Alternatives and adjuncts. Alongside behavioural measures (hydration to thirst, do not delay voiding, post-coital voiding if helpful), consider vaginal oestrogen if GSM is confirmed and non-hormonal care is insufficient. Some use vaginal DHEA after personalised discussion. D-mannose, probiotics and cranberry have mixed evidence; discuss before purchase to avoid replacing guideline-supported options with weak alternatives.

Next steps. Agree a clear plan: confirm diagnosis and cultures; build non-hormonal foundations; add local therapy for GSM where appropriate; then consider antibiotic strategies only if needed. Review at 6–12 weeks to adjust to the minimum effective maintenance once comfortable.

Evidence-Based Approaches

NHS & NICE. NHS guidance outlines symptoms, prevention and when to seek help for recurrent UTIs and provides self-care for vaginal dryness. NICE antimicrobial guidance for lower/recurrent UTI (e.g., NG112) covers diagnostic certainty, culture, prophylaxis and patient-initiated antibiotics, emphasising targeted use and safety follow-up: NICE NG112.

Cochrane & PubMed. A Cochrane review reports that vaginal oestrogens reduce recurrent UTIs in post-menopausal women compared with placebo, plausibly via restoration of lactobacilli and lower pH: see the Cochrane Library. A landmark trial in post-menopausal women found intravaginal estriol significantly reduced recurrences versus placebo, with increased lactobacilli and decreased colonisation by uropathogens; see the abstract on PubMed (NEJM trial).

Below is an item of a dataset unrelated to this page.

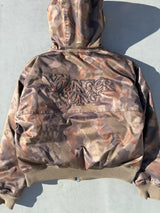 毛絨絨連帽羽絨夾克 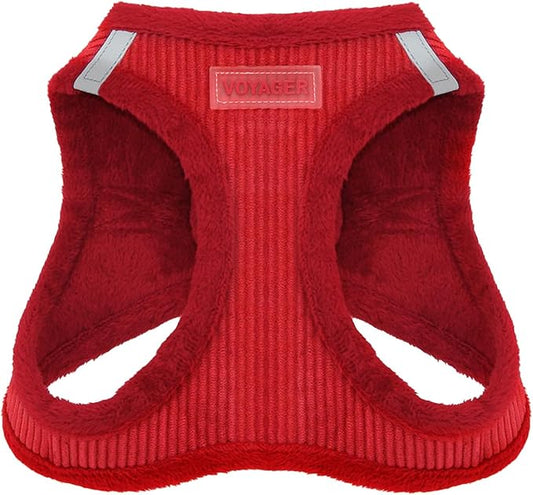 Best Pet Supplies - All Weather Mesh/Plush, Reflective, No Pull Harness for Small, Medium Dogs, Cats - Secure with Hook & Loop Fastener, Buckle, Double D-Rings - Red Corduroy, XS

Prescribing detail. UK-licensed local vaginal oestrogens and cautions are listed in the British National Formulary (BNF). When local hormones are unsuitable or declined, non-hormonal foundations remain essential, with antibiotic strategies considered case-by-case under NICE guidance.

Putting it into practice: Confirm infection with culture when feasible; address GSM with non-hormonal care plus local therapy where indicated; use antibiotics judiciously; and schedule review to maintain the lowest effective ongoing plan that keeps recurrences down and comfort up.